父も母も兄姉達もその全員が奴の手引きした聖騎士達によって殺されてしまいました。罪状は悪魔への信仰心だそうです。
私はその言葉を聖騎士の人達から聞いても理解できませんでした。何故、そんな事で母が殺されないといけなかったのか。何故、そんな理由で父が民から暴言を吐かれなければならなかったのか。何故、その程度の信仰の違いで兄や姉が惨たらしく処刑されなければならなかったのか……。
「分からないよ……」
「王女様、気を確かに。国王陛下は貴女様に生きてほしいからこそ王城から貴女様を逃がしたのです。そのお気持ちを無碍にしてはいけません」
リアは自身の専属メイドのラナと共に森を歩いていた。彼女とはリアが物心付いた時からの長い付き合いである。
リアは数刻前、家族の助力によって聖騎士の軍から逃がされた所だった。だが、吸血鬼の国は既に占拠され、何処に行けばいいかも分からず、聖騎士の追手から逃げながら走り続けた結果、こんな辺境まで来てしまっていたのだ。

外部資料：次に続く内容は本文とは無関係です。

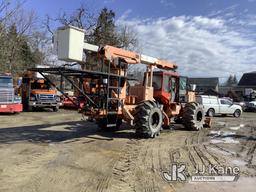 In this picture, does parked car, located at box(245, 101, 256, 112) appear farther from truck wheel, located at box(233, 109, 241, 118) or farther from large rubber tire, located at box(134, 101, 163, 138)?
large rubber tire, located at box(134, 101, 163, 138)

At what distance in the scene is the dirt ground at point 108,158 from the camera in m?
5.96

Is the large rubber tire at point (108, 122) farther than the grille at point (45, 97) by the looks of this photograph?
No

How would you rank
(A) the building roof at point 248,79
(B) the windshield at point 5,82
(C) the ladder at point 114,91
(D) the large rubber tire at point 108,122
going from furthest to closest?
(A) the building roof at point 248,79 < (B) the windshield at point 5,82 < (D) the large rubber tire at point 108,122 < (C) the ladder at point 114,91

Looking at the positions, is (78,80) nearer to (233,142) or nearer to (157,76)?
(157,76)

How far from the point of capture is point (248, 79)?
65.7m

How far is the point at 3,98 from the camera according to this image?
20.1 meters

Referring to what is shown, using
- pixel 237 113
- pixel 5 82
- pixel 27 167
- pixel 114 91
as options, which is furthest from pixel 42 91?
pixel 27 167

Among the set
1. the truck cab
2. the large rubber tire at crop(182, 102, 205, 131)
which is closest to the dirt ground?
the large rubber tire at crop(182, 102, 205, 131)

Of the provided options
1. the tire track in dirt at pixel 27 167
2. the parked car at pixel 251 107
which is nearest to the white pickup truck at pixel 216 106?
the parked car at pixel 251 107

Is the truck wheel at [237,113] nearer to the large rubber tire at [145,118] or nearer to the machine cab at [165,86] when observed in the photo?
the machine cab at [165,86]

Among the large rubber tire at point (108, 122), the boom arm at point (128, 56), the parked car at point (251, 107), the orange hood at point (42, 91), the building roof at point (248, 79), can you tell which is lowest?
the large rubber tire at point (108, 122)

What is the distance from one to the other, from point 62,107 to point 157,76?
1678cm

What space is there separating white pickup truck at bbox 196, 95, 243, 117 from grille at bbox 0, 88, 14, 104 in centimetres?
1421

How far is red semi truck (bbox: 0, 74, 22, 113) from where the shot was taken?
20.0 m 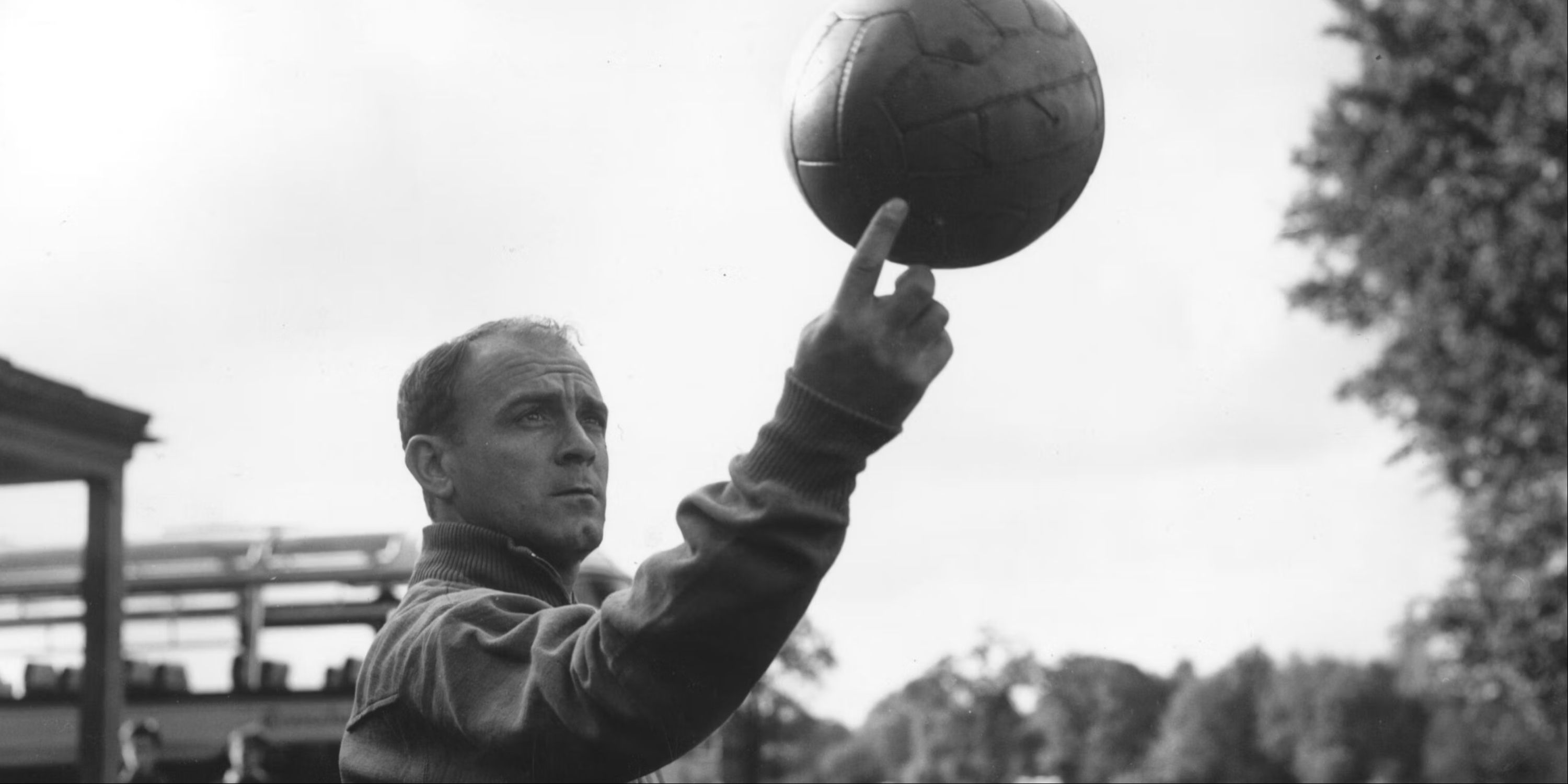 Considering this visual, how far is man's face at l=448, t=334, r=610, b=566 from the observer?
318cm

リアが逃げてきた方向を見ても、もうかつて住んでいた城はおろか、街の灯りも見る事は叶わない。
「はぁ……私……これからどうすれば……」
そう独り言をリアが呟いた瞬間ラナは後ろから気配を感じ取った。
「……ッ…誰っ!?」
ラナは気配がした方向を睨み、リアを守るようにリアの前に立つがそこには誰もいない。
「……気のせい…?」
「いえ、貴女の勘は素晴らしいですよ」
「…ッ!」
突如ラナは背後から掛けられたその言葉に反応して魔術を発動させ、リアを抱えて飛び退る。
「大渦槍!」
超至近距離から放たれる高速の渦の槍。
その一撃は背後の男に確実に当たると思われた。……だが。
「閃」
その文言と共に放たれた斬撃によってラナの魔術は撃ち落とされてしまった。
「な……なんでっ」
「なかなか強いですね……ですが、その程度では私には届きません」
「……っ」
急に現れたその男は薄ら笑いを浮かべてリアたちの前に立つ。
完璧な尾行。リアとラナに一切気づかれることなくここまで追ってこれるなど先程の剣の腕と合わせて考えれば男は相当な実力者なのだろうとラナは感じ取った。

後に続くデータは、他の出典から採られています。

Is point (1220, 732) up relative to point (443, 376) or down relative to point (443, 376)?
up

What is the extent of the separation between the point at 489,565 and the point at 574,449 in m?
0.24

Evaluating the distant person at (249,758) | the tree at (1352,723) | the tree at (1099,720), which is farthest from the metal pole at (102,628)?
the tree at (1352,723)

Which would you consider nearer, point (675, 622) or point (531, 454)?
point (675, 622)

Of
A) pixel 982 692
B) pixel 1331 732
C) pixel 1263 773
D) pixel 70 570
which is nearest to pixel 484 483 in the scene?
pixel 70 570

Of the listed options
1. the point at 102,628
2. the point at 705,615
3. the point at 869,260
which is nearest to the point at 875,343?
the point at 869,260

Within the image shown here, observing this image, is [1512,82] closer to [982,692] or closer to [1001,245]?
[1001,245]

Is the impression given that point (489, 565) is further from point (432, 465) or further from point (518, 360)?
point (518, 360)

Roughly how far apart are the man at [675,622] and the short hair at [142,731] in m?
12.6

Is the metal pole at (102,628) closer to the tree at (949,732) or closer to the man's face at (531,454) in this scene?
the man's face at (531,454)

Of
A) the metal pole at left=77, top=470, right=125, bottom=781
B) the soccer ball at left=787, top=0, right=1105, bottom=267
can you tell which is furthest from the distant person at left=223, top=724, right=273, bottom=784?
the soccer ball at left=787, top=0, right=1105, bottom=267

「ふぅ……これほど危機的状況なのにも関わらず仲間の一人も来ない所を見ると……私の障害は貴女だけのようですね」
「……お前みたいな人間にリア様は渡さない」
「ほう……ならどれだけ私から王女を守れるか試してみますか」
その男は見た所、人間で言えば20代前半程度だろうか。普通なら人間と吸血鬼ではステータス自体に差があるのでスキルを磨き、レベルで上回らなければその差を埋めることは出来ない。だが、男はまだ年若い。ならばレベルもスキルもまだ成熟しておらず弱いだろう……と、普通なら考える所だが、ラナはとてもそうは考えられなかった。何故なら、男はその若い見た目からはとても考えられない程"隙が無い"のだ。その佇まいからから発せられる剣気は鋭く、間違っても舐めて相手取れるような人物では無いことは確かだった。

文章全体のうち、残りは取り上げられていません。